# Description 

**Project name**: Predicting the energy output of a power plant with multiple linear regressions (2020)

**Author** : Seydou DIA

**Last update**: 08-24-2020

**Entire notebook running time**:55s <br>with AMD Ryzen 7 3750H - Radeon Vega Mobile Gfx 2.30 GHz

**Contact**:<br>
* [Linkedin](https://www.linkedin.com/in/seydou-dia-325b04139)
* @:seydou.dia@insa-lyon.fr

For more projects on machine learning and energy click here >
[Data Science Portfolio](https://seydoudia.github.io/Data-Science-portfolio/)

The goal of this notebook is to predict the energy output of a power plant based on the ambient temperature, humidity, pressure and exaust vaccum with the help of linear regressions.

We will then verify the assumptions made when building the model in order to check if we have the best linear unbiased estimator (Gaus Markov Theorem)
Also we will explore two methods of performing linear regressions with python. In the first part we will be using scikit-learn and second one we will be using stats model.

Concerning the dataset, it contains data points collected from a Combined Cycle Power Plant over 6 years (2006-2011), when the power plant was set to work with full load. The features consist of hourly average ambient variables Temperature (T), Ambient Pressure (AP), Relative Humidity (RH) and Exhaust Vacuum (V).

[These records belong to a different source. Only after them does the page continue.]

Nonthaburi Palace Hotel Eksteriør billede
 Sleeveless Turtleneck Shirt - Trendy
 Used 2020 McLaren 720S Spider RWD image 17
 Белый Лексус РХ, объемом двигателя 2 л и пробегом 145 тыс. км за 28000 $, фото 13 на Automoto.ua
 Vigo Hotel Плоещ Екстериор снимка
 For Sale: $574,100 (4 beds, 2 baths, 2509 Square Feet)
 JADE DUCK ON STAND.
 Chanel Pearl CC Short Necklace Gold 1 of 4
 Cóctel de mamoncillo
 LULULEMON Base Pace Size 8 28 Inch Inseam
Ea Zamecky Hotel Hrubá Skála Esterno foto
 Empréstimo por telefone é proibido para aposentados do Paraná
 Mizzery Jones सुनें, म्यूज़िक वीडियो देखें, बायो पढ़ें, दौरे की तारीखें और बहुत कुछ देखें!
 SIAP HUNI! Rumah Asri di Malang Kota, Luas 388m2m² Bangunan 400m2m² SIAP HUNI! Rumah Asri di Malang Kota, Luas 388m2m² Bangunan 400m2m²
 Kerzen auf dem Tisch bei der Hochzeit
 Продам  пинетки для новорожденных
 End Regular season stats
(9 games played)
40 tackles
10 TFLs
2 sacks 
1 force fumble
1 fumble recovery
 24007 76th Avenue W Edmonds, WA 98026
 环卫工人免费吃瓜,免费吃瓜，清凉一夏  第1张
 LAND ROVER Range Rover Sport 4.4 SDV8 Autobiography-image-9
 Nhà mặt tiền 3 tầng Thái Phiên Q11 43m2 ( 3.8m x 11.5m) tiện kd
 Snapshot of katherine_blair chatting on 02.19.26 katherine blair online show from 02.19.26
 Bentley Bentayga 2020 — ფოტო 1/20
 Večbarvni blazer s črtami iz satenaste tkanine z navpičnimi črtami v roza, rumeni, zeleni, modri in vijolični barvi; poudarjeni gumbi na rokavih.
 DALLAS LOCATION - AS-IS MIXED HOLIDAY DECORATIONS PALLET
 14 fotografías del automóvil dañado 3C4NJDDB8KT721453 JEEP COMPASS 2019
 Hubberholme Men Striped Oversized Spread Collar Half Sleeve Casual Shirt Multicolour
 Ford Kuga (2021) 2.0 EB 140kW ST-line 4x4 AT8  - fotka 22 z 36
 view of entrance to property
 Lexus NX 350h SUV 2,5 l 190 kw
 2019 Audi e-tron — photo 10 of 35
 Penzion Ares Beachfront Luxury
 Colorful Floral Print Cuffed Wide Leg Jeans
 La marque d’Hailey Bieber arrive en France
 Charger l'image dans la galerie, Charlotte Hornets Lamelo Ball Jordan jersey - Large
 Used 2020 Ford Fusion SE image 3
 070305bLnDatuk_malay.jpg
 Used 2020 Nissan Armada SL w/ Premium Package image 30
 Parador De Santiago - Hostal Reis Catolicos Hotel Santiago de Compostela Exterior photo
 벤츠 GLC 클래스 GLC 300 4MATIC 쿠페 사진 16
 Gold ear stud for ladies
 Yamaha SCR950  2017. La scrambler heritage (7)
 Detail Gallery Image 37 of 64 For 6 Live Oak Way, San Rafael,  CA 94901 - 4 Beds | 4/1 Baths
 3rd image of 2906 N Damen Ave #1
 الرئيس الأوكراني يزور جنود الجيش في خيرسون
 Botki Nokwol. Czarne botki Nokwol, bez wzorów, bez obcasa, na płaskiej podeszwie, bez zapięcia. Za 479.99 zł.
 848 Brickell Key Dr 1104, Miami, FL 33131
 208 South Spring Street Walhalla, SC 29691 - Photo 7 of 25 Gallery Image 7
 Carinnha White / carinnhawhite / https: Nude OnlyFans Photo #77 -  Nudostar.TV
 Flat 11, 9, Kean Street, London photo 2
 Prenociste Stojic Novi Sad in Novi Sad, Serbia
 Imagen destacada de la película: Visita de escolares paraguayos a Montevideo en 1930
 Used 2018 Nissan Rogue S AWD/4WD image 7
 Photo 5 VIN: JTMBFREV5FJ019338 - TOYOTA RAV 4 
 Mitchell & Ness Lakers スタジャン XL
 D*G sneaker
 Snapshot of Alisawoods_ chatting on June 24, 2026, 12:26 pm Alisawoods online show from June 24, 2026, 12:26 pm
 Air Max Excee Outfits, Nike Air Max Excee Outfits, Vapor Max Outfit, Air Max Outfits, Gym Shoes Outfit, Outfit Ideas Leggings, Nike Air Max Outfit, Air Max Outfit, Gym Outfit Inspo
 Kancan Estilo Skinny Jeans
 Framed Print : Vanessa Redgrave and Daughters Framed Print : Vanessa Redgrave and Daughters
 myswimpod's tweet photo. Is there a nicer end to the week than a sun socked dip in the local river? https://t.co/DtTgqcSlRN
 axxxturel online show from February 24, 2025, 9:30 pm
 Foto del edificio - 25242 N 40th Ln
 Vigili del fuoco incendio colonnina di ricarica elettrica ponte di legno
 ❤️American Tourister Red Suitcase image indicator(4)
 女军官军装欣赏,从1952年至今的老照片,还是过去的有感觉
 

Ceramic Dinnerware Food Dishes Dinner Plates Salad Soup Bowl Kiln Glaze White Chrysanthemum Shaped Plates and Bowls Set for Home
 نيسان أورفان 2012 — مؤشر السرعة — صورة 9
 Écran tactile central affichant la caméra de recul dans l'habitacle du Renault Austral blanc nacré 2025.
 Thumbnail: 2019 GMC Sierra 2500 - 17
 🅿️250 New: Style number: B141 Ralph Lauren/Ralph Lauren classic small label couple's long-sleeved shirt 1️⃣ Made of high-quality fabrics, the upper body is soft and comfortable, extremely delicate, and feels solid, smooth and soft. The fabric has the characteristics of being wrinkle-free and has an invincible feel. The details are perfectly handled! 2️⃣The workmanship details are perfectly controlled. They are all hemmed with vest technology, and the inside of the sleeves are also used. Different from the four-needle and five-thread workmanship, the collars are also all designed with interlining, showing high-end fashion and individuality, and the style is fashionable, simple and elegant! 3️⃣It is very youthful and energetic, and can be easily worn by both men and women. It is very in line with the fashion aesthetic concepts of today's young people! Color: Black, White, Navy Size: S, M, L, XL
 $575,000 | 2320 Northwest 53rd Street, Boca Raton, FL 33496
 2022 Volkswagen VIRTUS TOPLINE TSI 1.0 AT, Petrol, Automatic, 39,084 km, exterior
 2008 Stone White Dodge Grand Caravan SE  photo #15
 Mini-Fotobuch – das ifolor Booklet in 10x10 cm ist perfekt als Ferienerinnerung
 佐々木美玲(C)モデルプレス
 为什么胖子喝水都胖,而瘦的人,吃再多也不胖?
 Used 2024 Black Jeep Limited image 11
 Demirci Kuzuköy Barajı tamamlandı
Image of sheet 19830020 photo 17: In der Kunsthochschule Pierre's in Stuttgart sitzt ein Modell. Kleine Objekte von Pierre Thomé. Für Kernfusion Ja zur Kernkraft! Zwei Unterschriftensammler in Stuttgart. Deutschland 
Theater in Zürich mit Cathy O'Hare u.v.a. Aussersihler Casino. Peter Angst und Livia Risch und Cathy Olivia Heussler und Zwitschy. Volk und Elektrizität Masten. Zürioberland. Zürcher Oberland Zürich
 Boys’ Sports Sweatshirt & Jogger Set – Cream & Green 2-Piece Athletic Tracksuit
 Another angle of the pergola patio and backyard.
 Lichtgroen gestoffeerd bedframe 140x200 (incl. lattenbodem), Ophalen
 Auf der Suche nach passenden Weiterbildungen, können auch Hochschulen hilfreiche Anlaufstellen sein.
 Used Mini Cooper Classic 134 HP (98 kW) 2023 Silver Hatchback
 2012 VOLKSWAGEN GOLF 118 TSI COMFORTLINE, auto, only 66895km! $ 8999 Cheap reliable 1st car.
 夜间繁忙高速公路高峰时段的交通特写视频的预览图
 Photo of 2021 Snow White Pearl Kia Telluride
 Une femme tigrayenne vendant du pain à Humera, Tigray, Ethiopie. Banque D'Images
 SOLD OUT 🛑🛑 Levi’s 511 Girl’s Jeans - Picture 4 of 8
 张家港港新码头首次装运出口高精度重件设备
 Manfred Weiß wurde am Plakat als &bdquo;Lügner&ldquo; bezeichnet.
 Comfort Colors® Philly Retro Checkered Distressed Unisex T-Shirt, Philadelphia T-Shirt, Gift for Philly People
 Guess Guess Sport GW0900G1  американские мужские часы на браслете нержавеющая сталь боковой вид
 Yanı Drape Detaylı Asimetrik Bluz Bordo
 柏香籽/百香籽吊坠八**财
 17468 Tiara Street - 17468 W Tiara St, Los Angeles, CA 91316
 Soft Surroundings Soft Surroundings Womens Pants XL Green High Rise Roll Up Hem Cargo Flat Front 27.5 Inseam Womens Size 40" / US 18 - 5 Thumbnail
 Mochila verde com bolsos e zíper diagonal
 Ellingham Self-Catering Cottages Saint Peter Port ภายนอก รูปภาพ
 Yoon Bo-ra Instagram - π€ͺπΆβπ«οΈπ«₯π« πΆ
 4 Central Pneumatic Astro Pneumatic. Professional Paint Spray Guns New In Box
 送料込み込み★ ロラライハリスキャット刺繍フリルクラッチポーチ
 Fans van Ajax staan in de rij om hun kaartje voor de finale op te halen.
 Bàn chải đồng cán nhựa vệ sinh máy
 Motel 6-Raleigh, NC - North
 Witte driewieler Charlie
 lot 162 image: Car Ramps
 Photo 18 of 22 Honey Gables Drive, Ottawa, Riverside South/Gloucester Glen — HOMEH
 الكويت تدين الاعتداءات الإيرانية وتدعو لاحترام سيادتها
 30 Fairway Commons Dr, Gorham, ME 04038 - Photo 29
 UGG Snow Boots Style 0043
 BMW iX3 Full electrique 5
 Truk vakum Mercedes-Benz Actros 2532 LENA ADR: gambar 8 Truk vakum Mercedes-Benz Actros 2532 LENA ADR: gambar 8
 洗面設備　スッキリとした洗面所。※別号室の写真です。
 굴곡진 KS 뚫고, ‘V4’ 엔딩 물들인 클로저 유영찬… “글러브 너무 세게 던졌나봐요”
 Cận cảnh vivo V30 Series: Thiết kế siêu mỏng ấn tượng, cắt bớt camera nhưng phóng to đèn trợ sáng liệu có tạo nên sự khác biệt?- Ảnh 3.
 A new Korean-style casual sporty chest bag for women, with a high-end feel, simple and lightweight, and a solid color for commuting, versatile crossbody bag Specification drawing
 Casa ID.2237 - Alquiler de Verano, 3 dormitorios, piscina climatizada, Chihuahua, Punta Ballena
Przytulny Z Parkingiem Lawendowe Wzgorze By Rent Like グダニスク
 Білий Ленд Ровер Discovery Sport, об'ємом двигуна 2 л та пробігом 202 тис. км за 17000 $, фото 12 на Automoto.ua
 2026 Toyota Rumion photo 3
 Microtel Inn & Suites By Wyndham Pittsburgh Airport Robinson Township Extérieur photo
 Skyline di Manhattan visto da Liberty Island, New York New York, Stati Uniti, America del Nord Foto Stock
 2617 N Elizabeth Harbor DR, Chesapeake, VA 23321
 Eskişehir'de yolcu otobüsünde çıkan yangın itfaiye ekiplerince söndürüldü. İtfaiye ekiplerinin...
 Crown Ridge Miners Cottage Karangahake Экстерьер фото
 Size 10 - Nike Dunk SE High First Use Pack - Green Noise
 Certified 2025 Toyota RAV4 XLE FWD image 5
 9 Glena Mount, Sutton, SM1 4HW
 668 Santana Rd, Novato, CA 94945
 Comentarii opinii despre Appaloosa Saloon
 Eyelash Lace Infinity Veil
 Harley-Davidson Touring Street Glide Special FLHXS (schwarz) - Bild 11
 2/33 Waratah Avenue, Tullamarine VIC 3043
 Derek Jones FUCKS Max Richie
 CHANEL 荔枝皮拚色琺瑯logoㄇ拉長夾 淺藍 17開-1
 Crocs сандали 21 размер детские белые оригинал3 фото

A combined cycle power plant (CCPP) is composed of gas turbines (GT), steam turbines (ST) and heat recovery steam generators. In a CCPP, the electricity is generated by gas and steam turbines, which are combined in one cycle, and is transferred from one turbine to another. While the Vacuum is colected from and has effect on the Steam Turbine, the other three of the ambient variables effect the GT performance.

# Setup

In [39]:
%load_ext autoreload
%autoreload 2
%matplotlib notebook

The autoreload extension is already loaded. To reload it, use:
  %reload_ext autoreload


## Imports

In [40]:
# os related
from os import environ as env
from os.path import join

# data related
import pandas as pd
import numpy as np

# visual related
import matplotlib.pyplot as plt
import seaborn as sns


# ml related
from sklearn.model_selection  import StratifiedShuffleSplit
from sklearn.preprocessing import StandardScaler
from sklearn.linear_model import LinearRegression
from sklearn.metrics import mean_squared_error
from sklearn.model_selection import cross_val_score

import statsmodels.stats.api as sms
import statsmodels.api as sm
from statsmodels.stats.outliers_influence import variance_inflation_factor
import statsmodels.tsa.api as smt
from scipy import stats

## Paths

In [41]:
DIR_ROOT = join(env["CODE_PATH"], "Power_Plant")
DIR_CODE = join(DIR_ROOT, "Code")
DIR_RAW = join(DIR_ROOT, 'Raw_Data')


POWER_CSV = join(DIR_RAW, 'power.csv')

## Functions

these functions will be used at some point in the projet. The reader is free to come back to this section to get a better understanding of the code later.

In [42]:
def split_train_test(data, test_ratio):
    """Functions that splits dataset between training and test set 
        Args:
        Data(pandas.Dataframe): Data to split
        Returns:
            training set and testing set"""
    
    shuffled_indices = np.random.permutation(len(data)) # shuffle indexes
    test_set_size = int(len(data) * test_ratio) 
    test_indices = shuffled_indices[:test_set_size] # Retrieving test index
    train_indices = shuffled_indices[test_set_size:] # Retrieving train index
    return data.iloc[train_indices], data.iloc[test_indices]

In [None]:
def display_score(scores):
    print("Scores : ", scores)
    print("Mean : ", scores.mean())
    print("Std : ", scores.std())

In [61]:
def linearity_test(model, y):
    '''
    Function for visually inspecting the assumption of linearity in a linear regression model.
    It plots observed vs. predicted values and residuals vs. predicted values.
    
    Args:
    * model - fitted OLS model from statsmodels
    * y - observed values
    '''
    fitted_vals = model.predict()
    resids = model.resid

    fig, ax = plt.subplots(1,2)
    
    sns.regplot(x=fitted_vals, y=y, lowess=True, ax=ax[0], line_kws={'color': 'red'}, ci=95)
    sns.regplot(x=y, y=y, lowess=True, ax=ax[0], line_kws={'color': 'orange'}, ci=95)
    ax[0].set_title('Observed vs. Predicted Values', fontsize=16)
    ax[0].set(xlabel='Predicted', ylabel='Observed')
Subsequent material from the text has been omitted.